The valley encompasses four large, converging gulches and one creek with a smaller tributary stream. On the valley’s southwest side, Scotch Coulee runs in a northeasterly direction for 3 miles before turning directly east. Bear Creek, namesake of the valley and its only surviving town, begins in the Beartooth Mountains and flows along Scotch Coulee, through the town of Bearcreek, and joins the Clarks Fork River near the town of Belfry, Montana.
The Keucking Creek (pronounced Kicking
) Drainage starts near the top of the steep ridge at the valley’s western border. It runs directly east for 2 miles before merging with Scotch Coulee at the point where the coulee turns sharply east. Keucking Creek flows past the old town of Washoe and empties into Bear Creek. Over the decades, the name Keucking Creek slowly fell out of use, and this small stream now goes nameless, or is referred to as Bear Creek as well.
On the valley’s northwest side, Virtue Gulch runs in a southeasterly direction for 2 miles before uniting with the valley a half mile east of where Keucking Creek merges with Bear Creek. Another one-half mile east of this point sits the town of Bearcreek, the smallest incorporated town in Montana.
Foster Gulch, the valley’s fourth large geographic feature, runs parallel to the northeasterly portion of Scotch Coulee and completes Bear Creek Valley by joining with it at the eastern end of the town of Bearcreek.
Apart from the ruins of the Montana Coal and Iron Company’s Smith Mine along Keucking Creek, Bear Creek Valley offers only fleeting and easily overlooked hints that, for six decades, this now-rural terrain sheltered Montana’s largest industrial coal-producing area. Few clues remain to indicate the hundreds of miles of abandoned tunnels that lie beneath its hills and valleys. Reclamation efforts and time have erased the slack piles and coal-processing plants of six corporate mining companies and more than a dozen privately held or wagon
mines. The tracks, water towers, and turntables of the Montana, Wyoming, and Southern Railroad have been removed. Old roads connecting mines and communities now only remain as faint scars on open cattle ranges.
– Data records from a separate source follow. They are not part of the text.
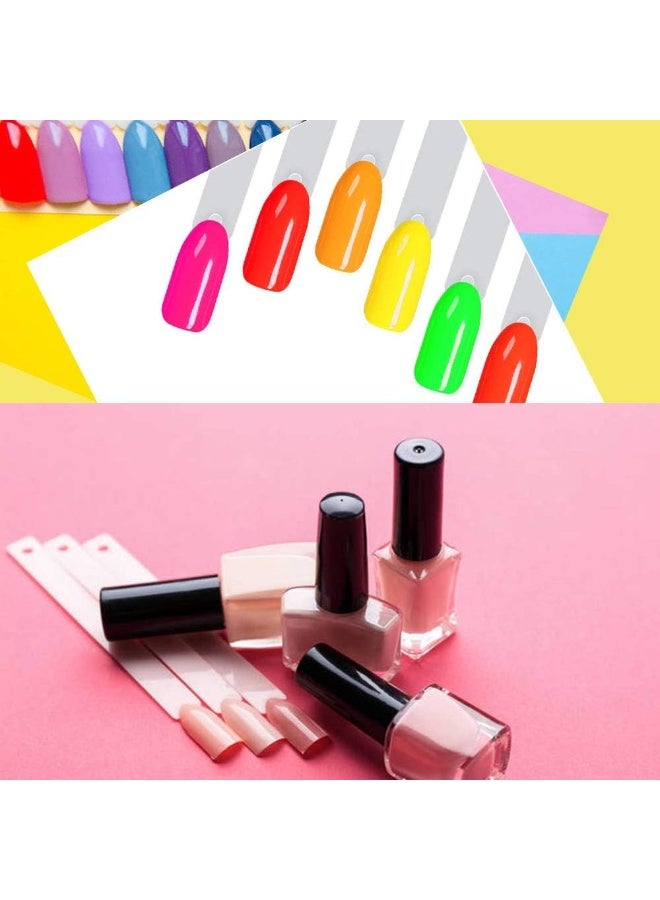 150 Pcs Clear Nail Swatch Sticks with Ring, Fan Shape Nail Art Tips, False Nail Sample Sticks, Nail Practice Color Display, Transparent Board for Nail - Image 2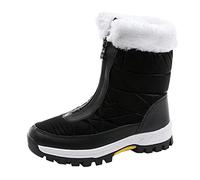Limited Time Deals Womens Waterproof Snow Boots Fashion Women Winter Water Proof Flat Zipper Keep Warm Snow Boots Comfortable Mid Boots Shoes Deals of The Day Sale Prime Women (Black, 5)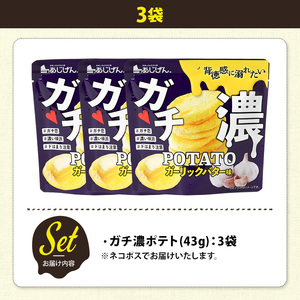 ＜訳あり＞ 訳アリ じゃがスナック ガチ濃ポテト (3袋×43g) 簡易梱包 お菓子 おかし おつまみ 常温 ガーリック バター 【man217-G】【味源】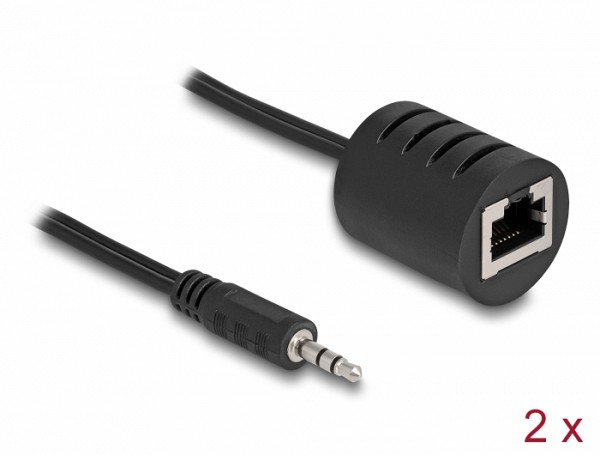 Delock Stereo Audio Extender RJ45 jack to 3.5 mm stereo jack male Cat.5 up to 50 m set 2 pieces 87858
Hundreds of local houses, once home to more than 3,000 residents, have been moved to neighboring towns or destroyed. In its heyday, the valley housed immigrants from Scotland, England, Ireland, Wales, France, Belgium, Germany, Czechoslovakia, Austria, Slovenia, Serbia, Croatia, Montenegro, Finland, Norway, and Sweden, but local traces of these settlers’ transplanted traditions, cultures, foods, and languages have almost disappeared.
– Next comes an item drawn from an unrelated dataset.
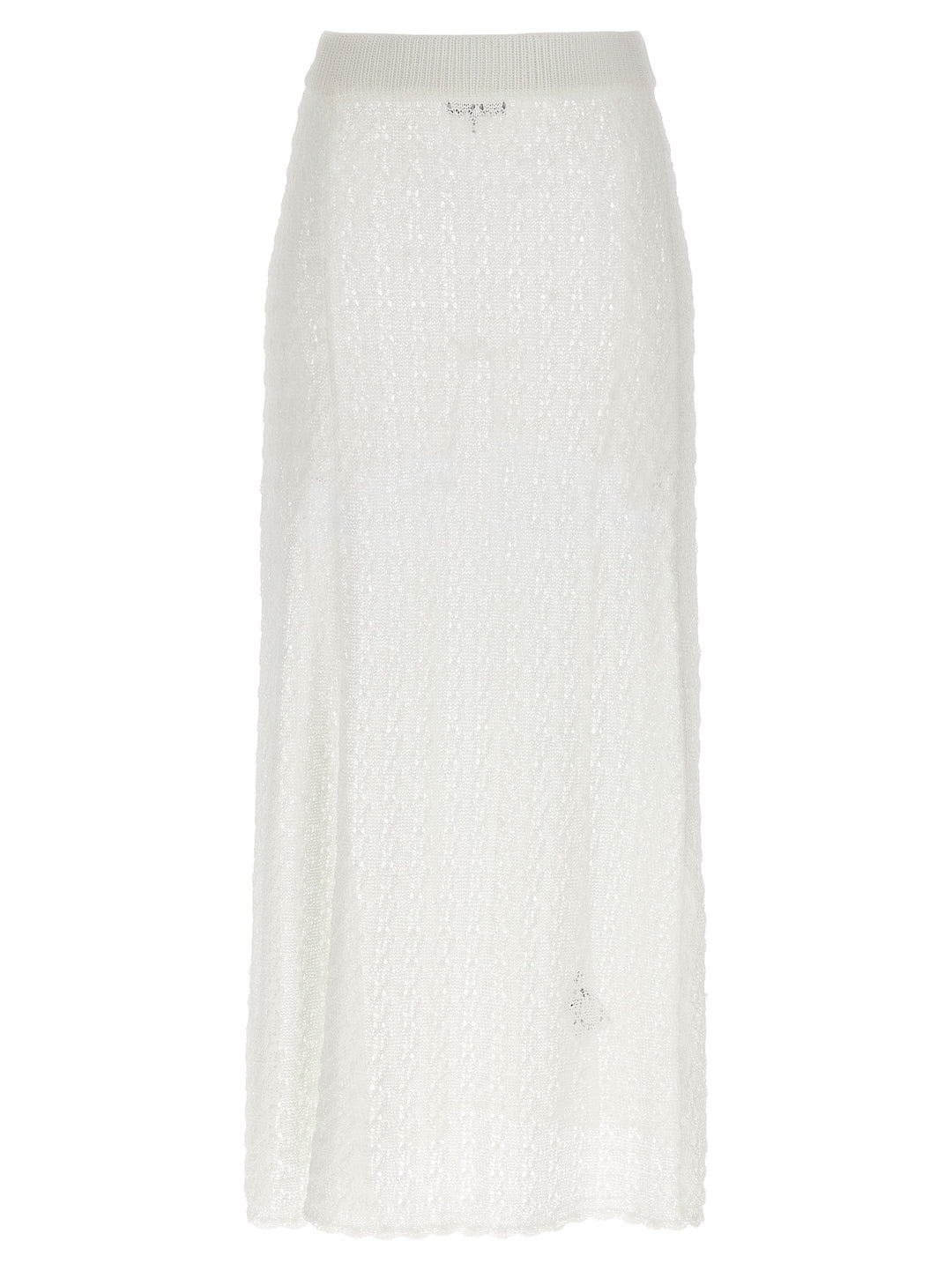 Ganni Shiny Pointelle Knit Skirts - White | 9795f4002f6e96ace71fecd0f326b0ed4bd78255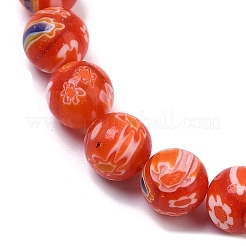 ハンドメイドミッレフィオーリ ランプワークビーズ連売り  ラウンド  レッドオレンジ  10x9.5mm  穴：1mm  約38個/連  14.37''（36.5センチメートル）&nbsp;LAMP-G166-10B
The once thriving company town of Washoe has been reduced to roughly a dozen homes and one new commercial establishment, the Washoe Quilt Shoppe, which occupies the original Washoe Coal Company Mine office building. The shop proudly displays a sign in front reading, Washoe Business Loop. The town’s school, post office, general store, pool hall, baseball field, and doctor’s office have been all but erased.
Two mine complexes owned by the Washoe Coal Company, a subsidiary of Marcus Daly’s Anaconda Copper Company, have vanished. Its Company Row neighborhood remains as only a memory. Neighboring enclaves between Washoe and Bearcreek, bearing such colorful names as Caledonia, Cousin Row, Scotch Coulee, Horseshoe Bend, Chickentown, and Stringtown, have also faded away.
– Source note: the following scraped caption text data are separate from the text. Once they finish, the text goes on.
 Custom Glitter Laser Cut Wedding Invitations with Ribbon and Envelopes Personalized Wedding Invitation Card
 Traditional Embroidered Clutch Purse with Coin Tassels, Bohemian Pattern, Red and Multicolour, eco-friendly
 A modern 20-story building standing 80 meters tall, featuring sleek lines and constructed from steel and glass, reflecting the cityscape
West of Keucking Creek’s intersection with Bear Creek sits the most complete group of industrial ruins in Bear Creek Valley. This assortment of buildings, named the Smith Mine, were once owned and operated by the Montana Coal and Iron Company. In 1943, this mine claimed the lives of 75 men in Montana’s deadliest coal mining accident in history. Of all the mining operations once housed in this valley, the Smith Mine is the one surviving coal mine in the region; perhaps this is fitting.
When the coal mines shut down, so did much of Bearcreek. Missing from Main Street are the mercantile and dry good stores, union hall and banks, bars and bakeries, a co-op store, a furniture store, and butcher shops of the past. Lost to time are such icons as the Lamport Hotel; the Happy Hour Theatre, where silent movies were shown; Little Joe’s confectionery; and Dr. John Carl Frederick Siegfriedt’s home and hospital. The old community swimming pool now serves as a residential basement. The twin baseball fields anchoring the east and west ends of town have both disappeared. The elementary school has been torn down, as has the high school and its gymnasium, the home court of Montana’s state basketball champions. The terms Hi-Bug and Uptown, once the recognized names of distinct Bearcreek districts, are today used by only a few longtime residents.
Today, though coal mining has largely left the area, efforts are underway by concerned citizens and institutions to revitalize this valley. Agriculture and spillover tourism from neighboring Red Lodge drive the economy of today’s Bear Creek Valley. New businesses and homeowners are rediscovering the area. After years of decline, the town of Bearcreek is active and growing again. Two businesses and the post office remain in the once-booming business district along Main Street. The popular Bear Creek Saloon and Steakhouse occupies two original town buildings (formerly the homes of the Union Market store and the Bearcreek Bar). Just down the road, the Hungry Bear Café occupies one former site of the Bearcreek Post Office. The town’s original sandstone bank building still stands, and it now serves as city hall.
With this welcome new growth has come the risk of losing the area’s unique past. Fortunately, thanks to the work of local citizens, work is underway to prevent this from happening. Already, the Smith Mine complex has been placed on the National Register of Historic Places, and Bearcreek’s original bank building, now housing city hall, has been renovated and restored to its original condition.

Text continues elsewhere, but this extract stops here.